BEGIN RECORDS FOR THE TASK

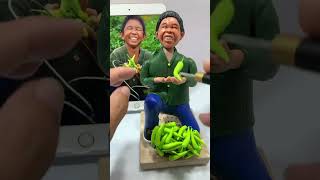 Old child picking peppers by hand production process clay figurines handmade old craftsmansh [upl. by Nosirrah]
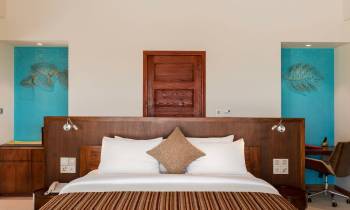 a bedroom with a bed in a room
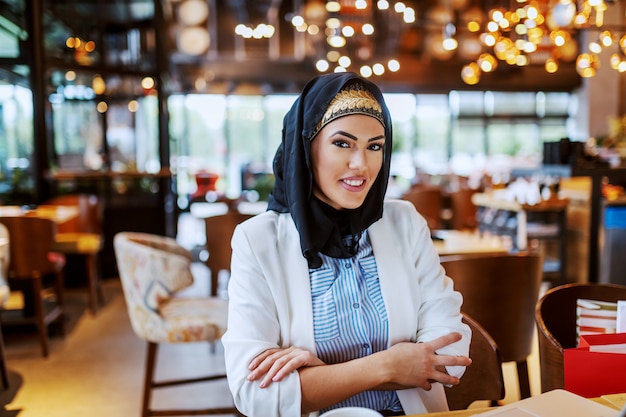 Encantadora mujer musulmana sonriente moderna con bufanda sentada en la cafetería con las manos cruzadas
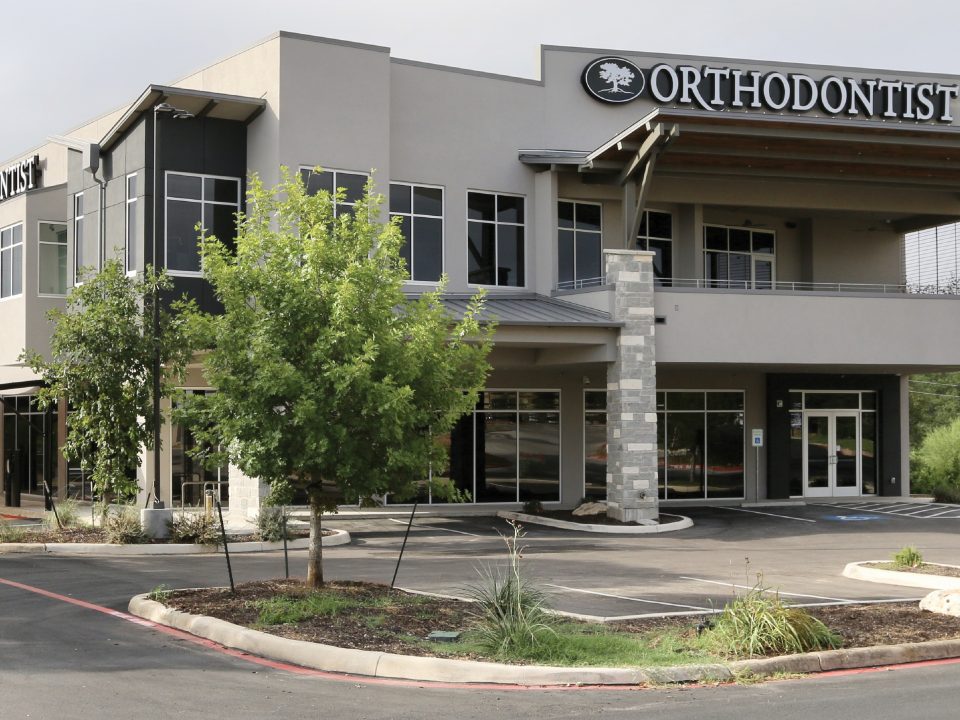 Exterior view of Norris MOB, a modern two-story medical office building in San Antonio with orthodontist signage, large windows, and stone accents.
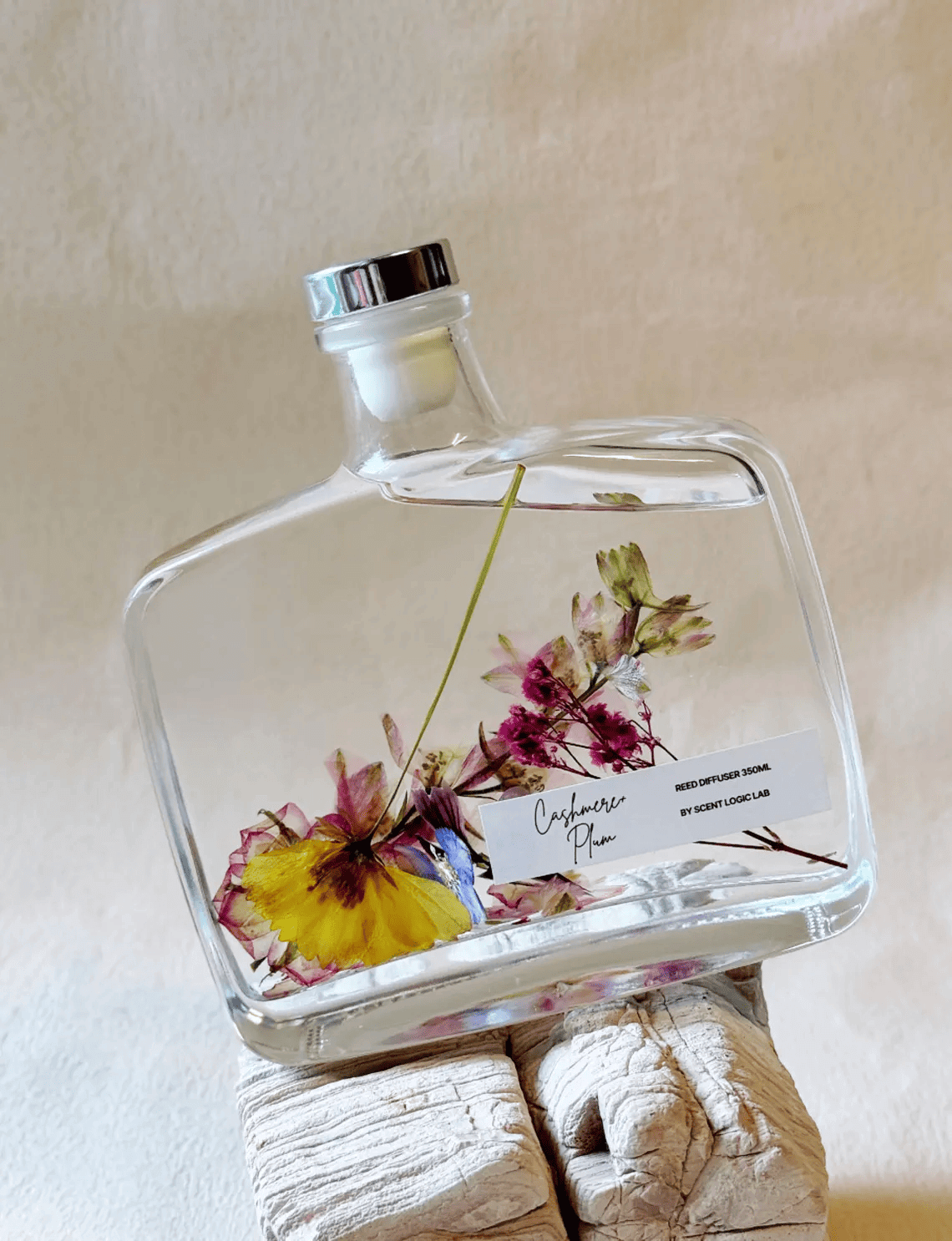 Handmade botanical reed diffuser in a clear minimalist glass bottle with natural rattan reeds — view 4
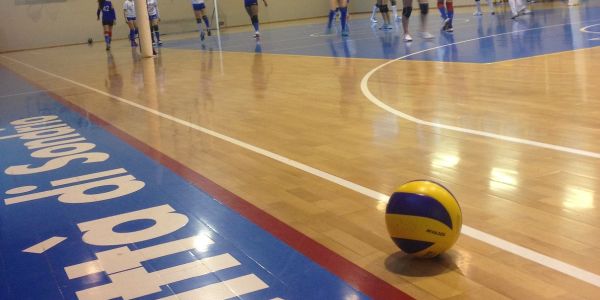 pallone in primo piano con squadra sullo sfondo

END RECORDS FOR THE TASK
BEGIN RECORDS FOR THE TASK

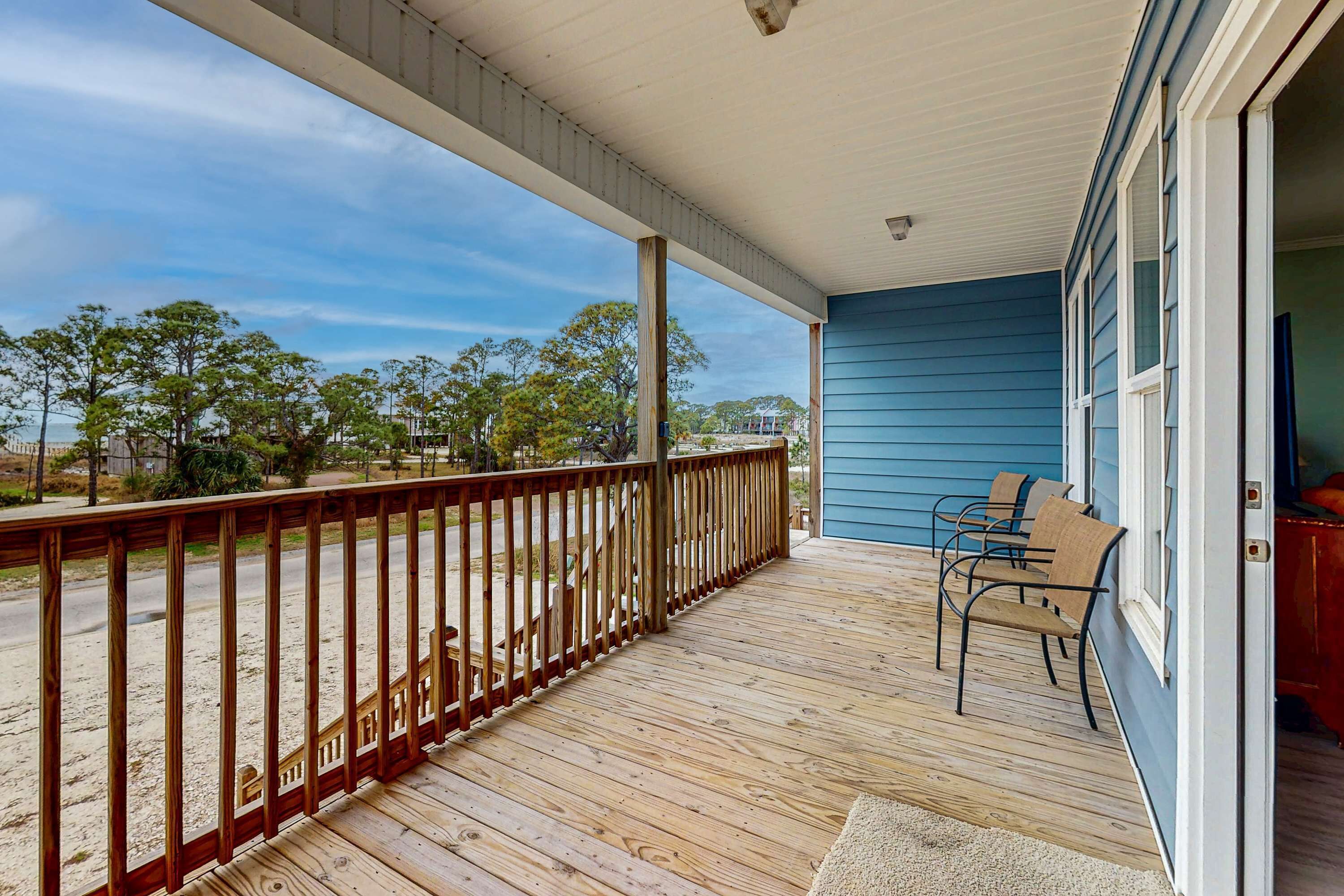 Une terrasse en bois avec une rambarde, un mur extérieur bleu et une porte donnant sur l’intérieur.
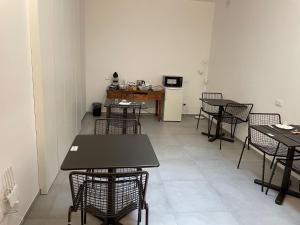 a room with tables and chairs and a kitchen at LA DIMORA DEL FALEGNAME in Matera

END RECORDS FOR THE TASK

▶ **WHAT IS NEEDED**: The lines to set down run from the line with "Old child picking" up to and including the line with "pallone in primo" in the entries above. Reproduce them exactly, with no pictures.

▶ **ANSWER AREA**:
 Old child picking peppers by hand production process clay figurines handmade old craftsmansh [upl. by Nosirrah]
 a bedroom with a bed in a room
 Encantadora mujer musulmana sonriente moderna con bufanda sentada en la cafetería con las manos cruzadas
 Exterior view of Norris MOB, a modern two-story medical office building in San Antonio with orthodontist signage, large windows, and stone accents.
 Handmade botanical reed diffuser in a clear minimalist glass bottle with natural rattan reeds — view 4
 pallone in primo piano con squadra sullo sfondo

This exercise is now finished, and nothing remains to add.